What to produce :: Please return every line of the material verbatim and skip any images.

Provided records ::
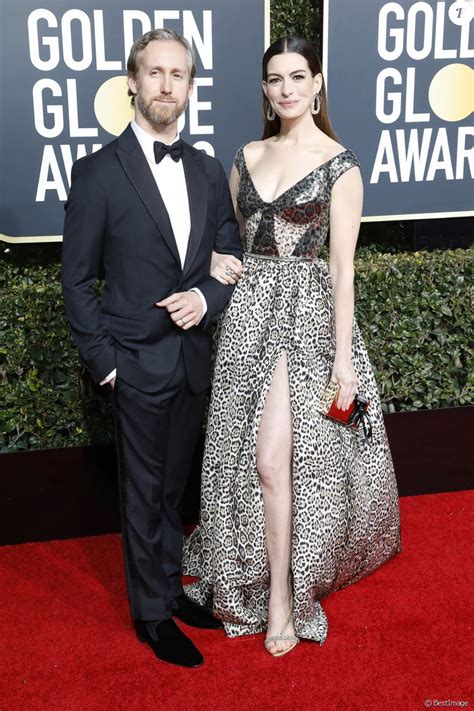 Anne Hathaway Et Son Mari Adam Shulman Au Photocall De La 76ème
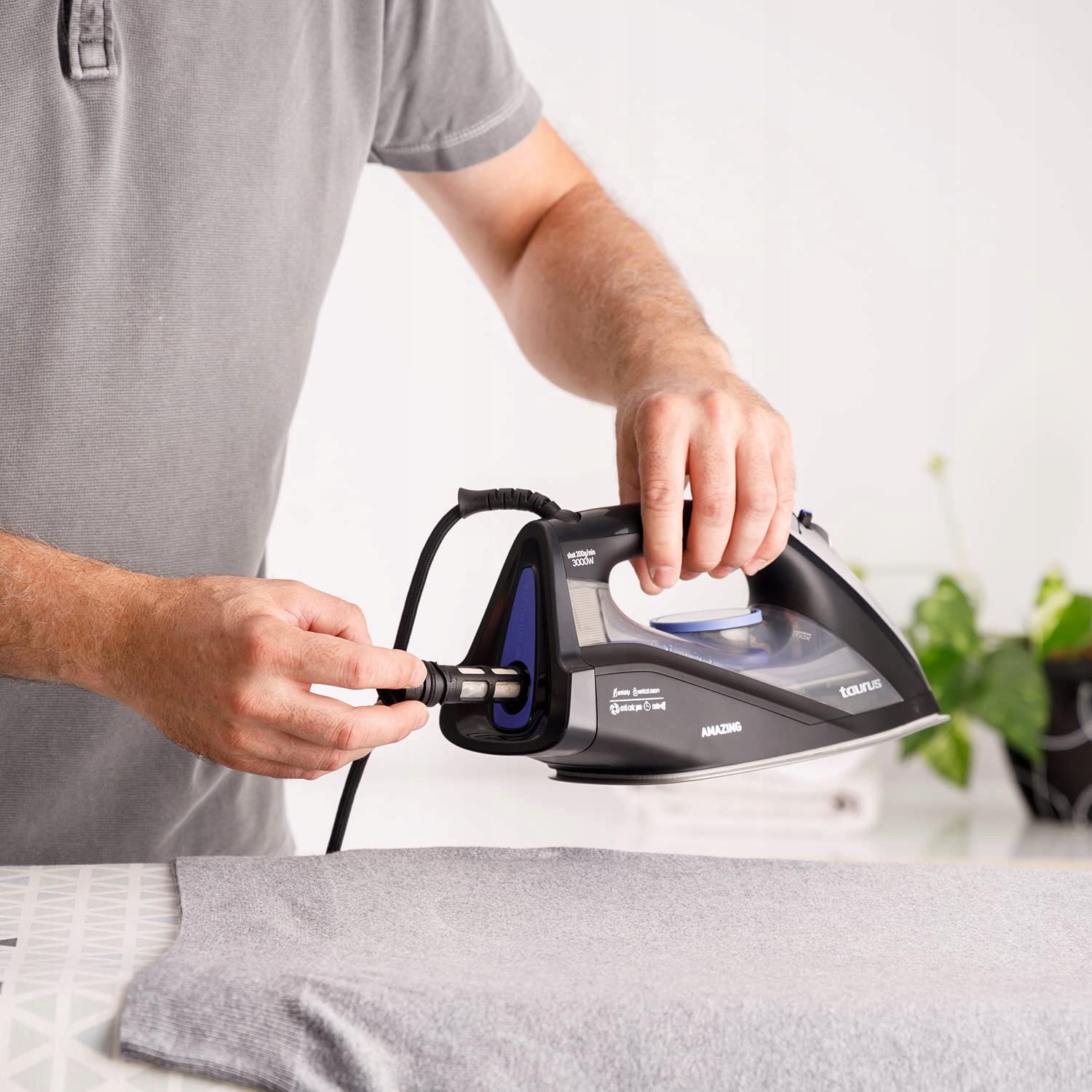 TAURUS Żelazko Parowe 3000W ECO Tryb Precyzyjna Końcówka — miniatura 8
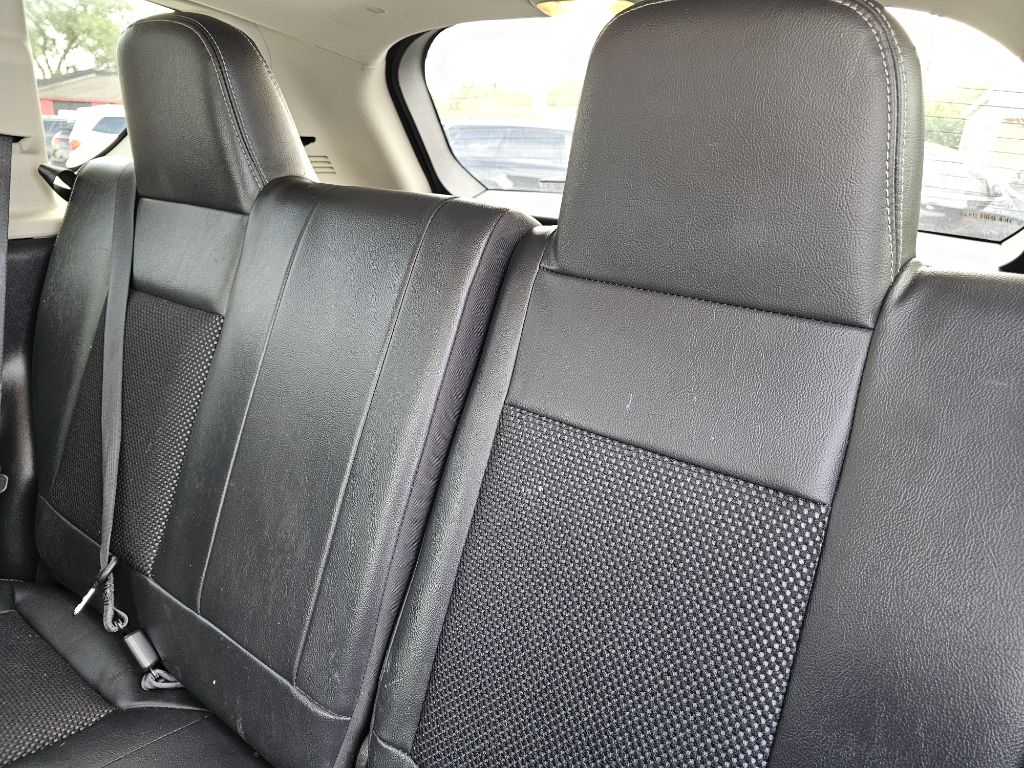 Photo 36 of this JEEP COMPASS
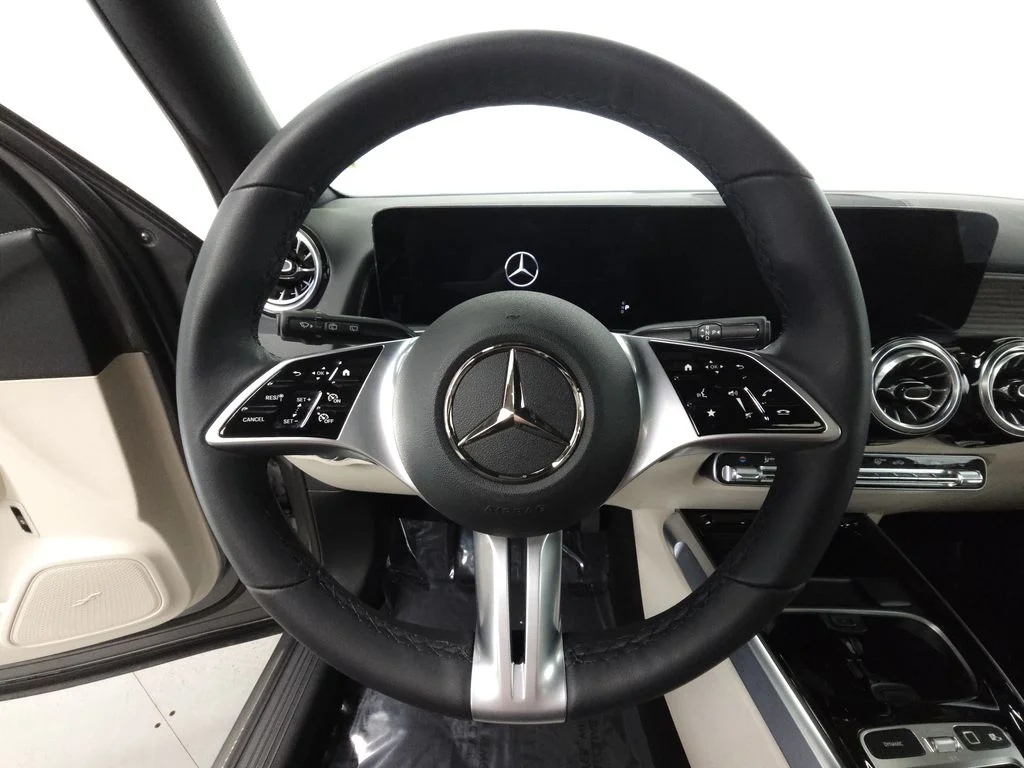 Certified Used 2026 Mountain Grey Metallic Mercedes-Benz GLB 250 image 11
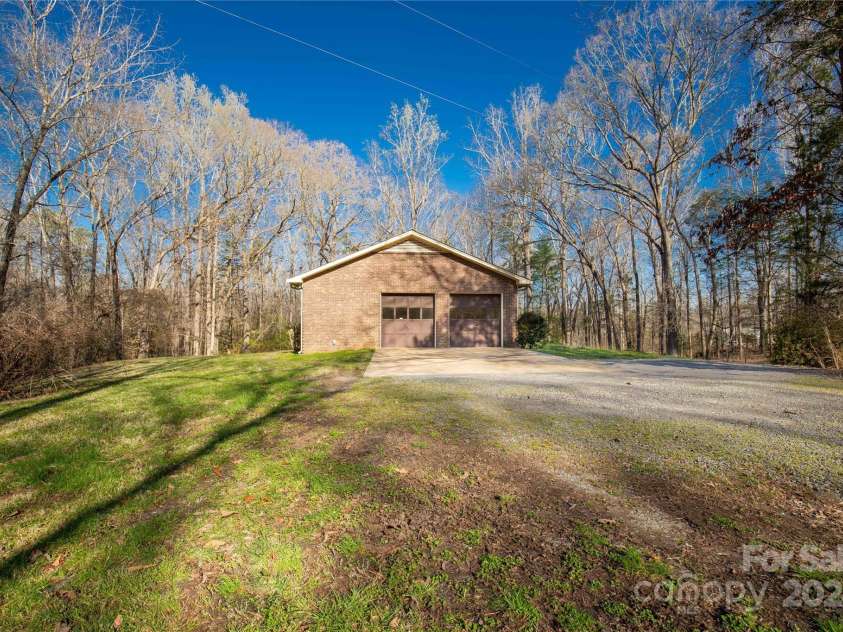 1836 Westbrook Road, Edgemoor, SC 29712.  MLS# CAR4120881, YatesRealty ID 3971. 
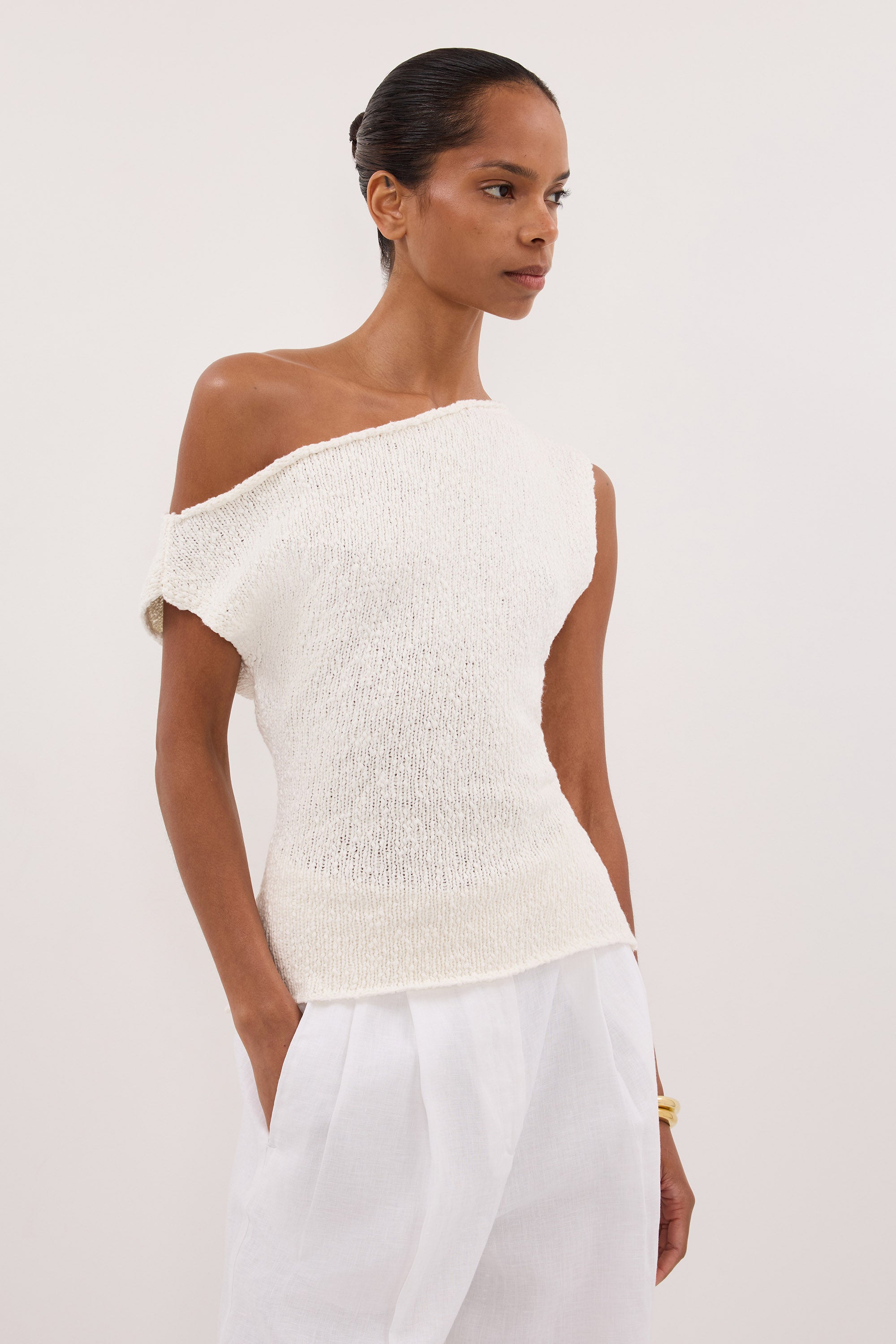 DINA OFF WHITE COTTON ASYM KNIT TOP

Your response ::
 Anne Hathaway Et Son Mari Adam Shulman Au Photocall De La 76ème
 TAURUS Żelazko Parowe 3000W ECO Tryb Precyzyjna Końcówka — miniatura 8
 Photo 36 of this JEEP COMPASS
 Certified Used 2026 Mountain Grey Metallic Mercedes-Benz GLB 250 image 11
 1836 Westbrook Road, Edgemoor, SC 29712.  MLS# CAR4120881, YatesRealty ID 3971. 
 DINA OFF WHITE COTTON ASYM KNIT TOP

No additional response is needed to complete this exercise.